*** Opening of Data excerpt ***

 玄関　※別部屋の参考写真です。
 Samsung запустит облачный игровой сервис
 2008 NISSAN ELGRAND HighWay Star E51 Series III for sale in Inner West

*** Close of Data excerpt ***

● Task description: Now output the listing above, exactly as it appears.

● Output below:
 玄関　※別部屋の参考写真です。
 Samsung запустит облачный игровой сервис
 2008 NISSAN ELGRAND HighWay Star E51 Series III for sale in Inner West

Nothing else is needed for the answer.